Desenha uma convenção de UTM consistente para manter o tráfego social limpo em qualquer ferramenta de analítica. Um manual prático de taxonomia.

Dan — Founder, SocialKit8 min read

Um parâmetro UTM é um pedaço de texto que acrescentas ao fim de um link para que a tua ferramenta de analítica saiba exatamente de onde veio cada clique. As cinco tags padrão — utm_source, utm_medium, utm_campaign, utm_content e utm_term — são lidas pelo Google Analytics, Matomo, Fathom, Plausible e por quase todas as outras plataformas, e transformam um bloco vago de tráfego "social" num conjunto de dados etiquetado e ordenável a partir do qual consegues realmente tomar decisões.

Mas aqui está a parte que a maioria dos guias ignora: as tags em si são a parte fácil. O que decide se o teu reporting social é fiável ou uma confusão é a tua convenção de nomenclatura — as regras que escreves para definir que valores entram em cada parâmetro e como se escrevem. Este guia é esse manual. Não é um tutorial passo a passo do Google Analytics; é uma taxonomia que podes adotar hoje para que cada link que construíres se mantenha consistente.

Porque é que a convenção importa mais do que as tags

As ferramentas de analítica tratam os valores UTM como strings em bruto e são sensíveis a maiúsculas e minúsculas. Para o teu reporting, Facebook, facebook e FaceBook são três fontes diferentes. IG-Stories e ig_stories são dois mediums diferentes. Ninguém decide fragmentar os seus dados — isso acontece um link de cada vez, porque duas pessoas na mesma equipa adivinharam de forma ligeiramente diferente.

O custo aparece mais tarde. Quando abres os relatórios para responder a "quanto tráfego é que o Instagram trouxe no último trimestre?", encontras a resposta dividida por cinco grafias diferentes e passas uma tarde a juntar linhas numa folha de cálculo em vez de aprenderes seja o que for. Uma convenção de nomenclatura é o seguro barato que evita essa tarde. Se quiseres o porquê mais profundo por trás da atribuição em geral, o nosso guia sobre rastrear conversões de redes sociais explica como estes cliques etiquetados se ligam à receita real.

Duas regras resolvem noventa por cento do problema da fragmentação:

  • Tudo em minúsculas. Sempre. Sem exceções.
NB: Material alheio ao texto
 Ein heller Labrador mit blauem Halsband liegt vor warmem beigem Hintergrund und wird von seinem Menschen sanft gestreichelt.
Elimina toda uma categoria de bugs de valores duplicados.
  • Escolhe um único separador de palavras e nunca o mistures. Os hífens são a escolha mais segura porque os underscores podem ficar escondidos pelo estilo de link sublinhado e algumas ferramentas lidam mal com eles. Portanto black-friday, nunca black_friday nem blackFriday.
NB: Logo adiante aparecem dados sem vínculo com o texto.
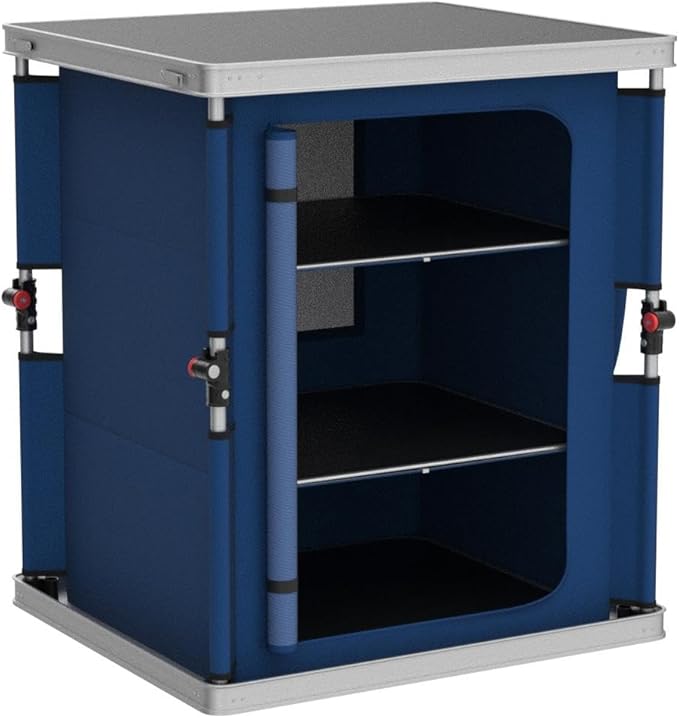 EAGLE PEAK Outdoor Folding Camping Table with Large 3-Tier Storage Organizer and Side Pockets, Easy Set Up Portable Aluminum Camping Kitchen, Blue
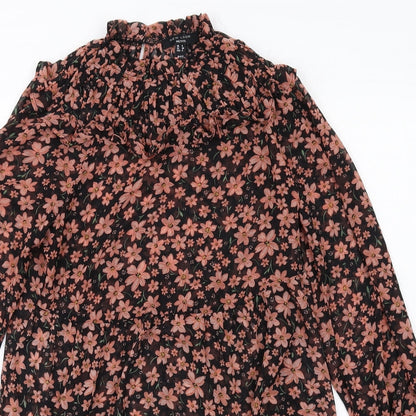 New Look Womens Black Floral Polyester A-Line Size 8 Mock Neck Button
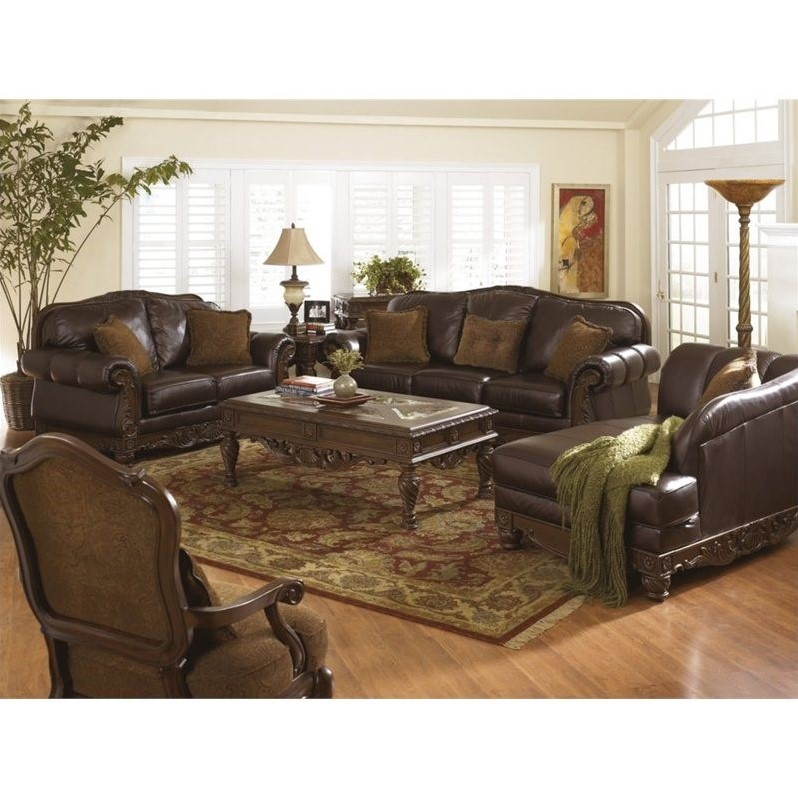 Ashley North Shore 4 Piece Leather Sofa Set in Dark Brown - 22603-38-35 ...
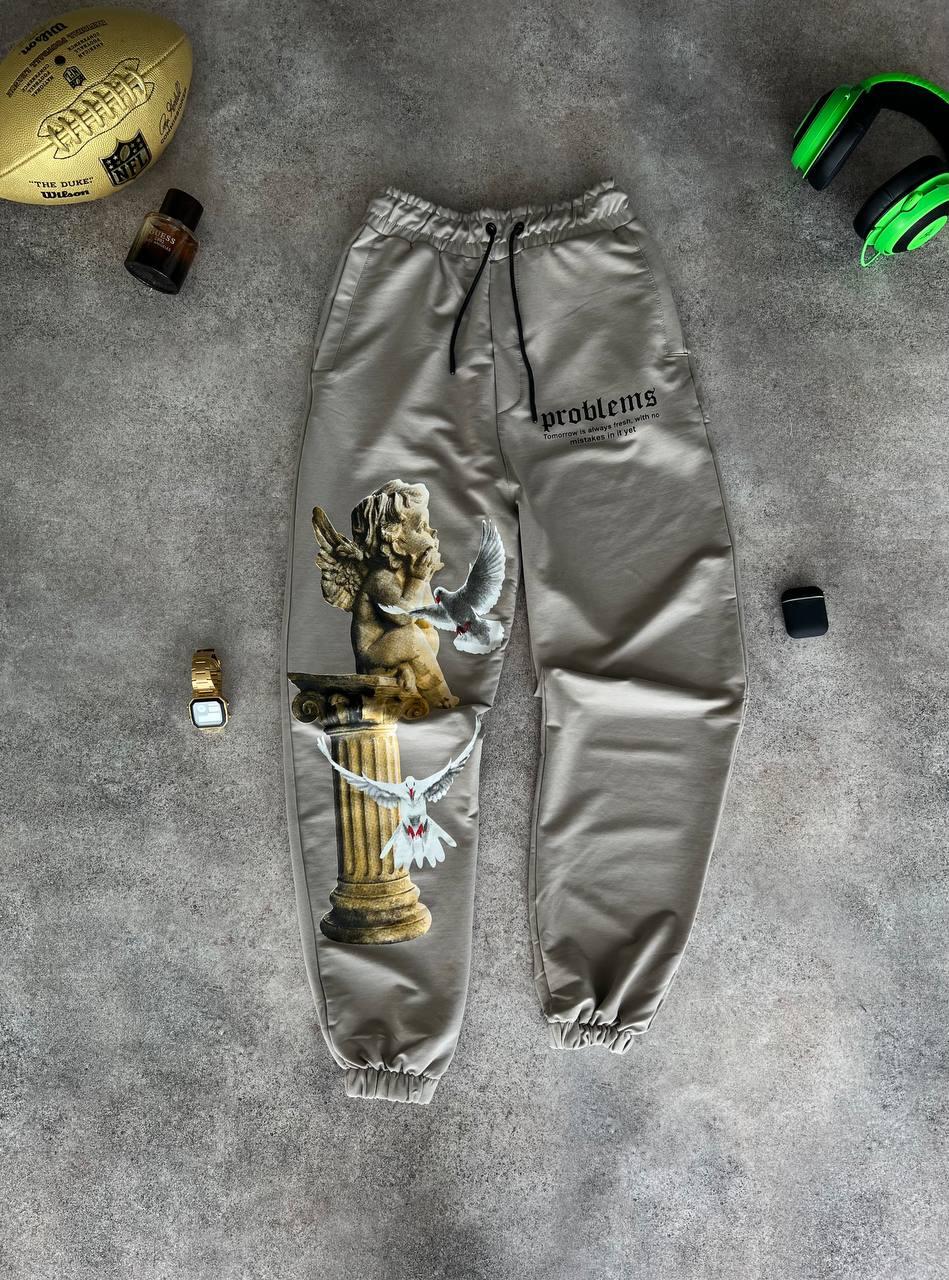 Спортивні чоловічі штани весна-осінь бежеві з принтом вільні Oversize Problems, фото 1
Escreve estas duas regras no topo do teu documento de convenções e aplica-as, e a qualidade dos teus dados dá logo um salto.

Os cinco parâmetros, e o que realmente pertence a cada um

Obter relatórios limpos depende de usar cada parâmetro para a função a que se destina. Trocá-los — pôr a plataforma na campanha, ou o formato do post na fonte — é a segunda forma mais comum de os dados sociais se transformarem numa confusão.
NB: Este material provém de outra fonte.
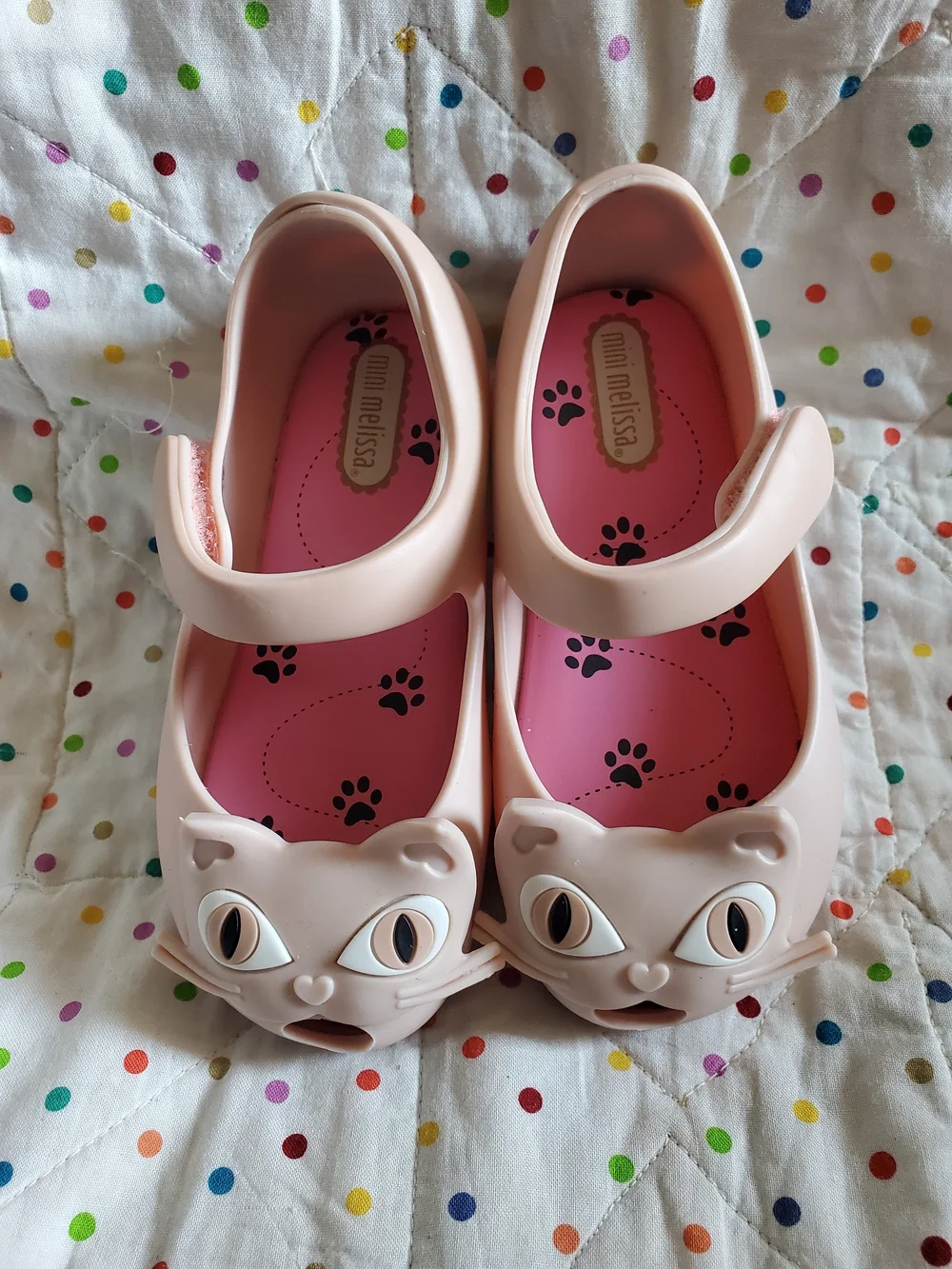 mini melissa Pink Cat Mary Jane Kids Shoes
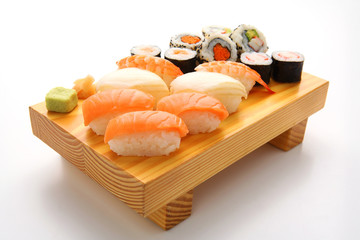 salmon sushi set. Japanese food
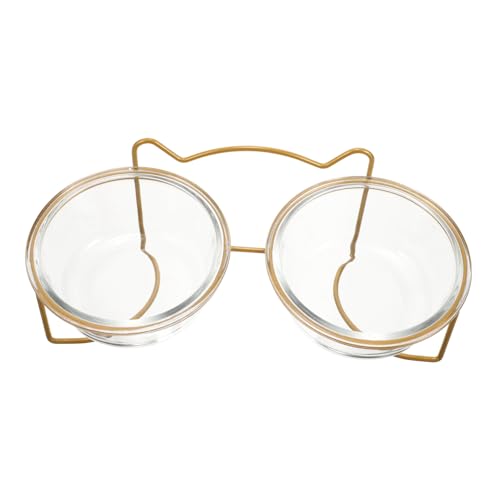 MUELODSIC Doppel Futternapf für Katzen und Hunde mit Abnehmbarem Metallgestell Weiß Lackiert Hygienisch Trennbare Futterschalen rutschfeste Futterstation für Sauberes Füttern Modernes von MUELODSIC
utm_source — de onde o clique veio fisicamente

Esta é a plataforma ou propriedade específica. Usa o nome simples da plataforma, em minúsculas e consistente para sempre: instagram, tiktok, youtube, linkedin, facebook, pinterest, x, threads, bluesky, mastodon, google-business.

A disciplina mais importante aqui é congelar a grafia. Decide de uma vez por todas se o Twitter/X é x ou twitter no teu mundo, escreve-o e nunca te desvies. O objetivo é que, daqui a seis meses, cada colega escreva exatamente a mesma string sem pensar.

utm_medium — o tipo de canal

O medium descreve a categoria do canal de marketing, não a plataforma. Para posts orgânicos de redes sociais, a convenção quase universal é social (algumas equipas usam social-organic para o distinguir do pago). É isto que permite à tua ferramenta de analítica agrupar todo o tráfego social, independentemente da rede de onde veio.

Mantém a tua lista de mediums curta e fechada. Um conjunto saudável para a maioria dos programas sociais é apenas:

  • social — posts orgânicos em todas as redes
  • social-paid — tudo o que está por trás de investimento em anúncios
  • social-bio — links na bio e links de perfil
  • email — se a tua newsletter promove conteúdo social
  • influencer — colocações impulsionadas por criadores que queres isolar

Se dás por ti a inventar um novo medium para cada post, essa informação pertence ao utm_content, não aqui.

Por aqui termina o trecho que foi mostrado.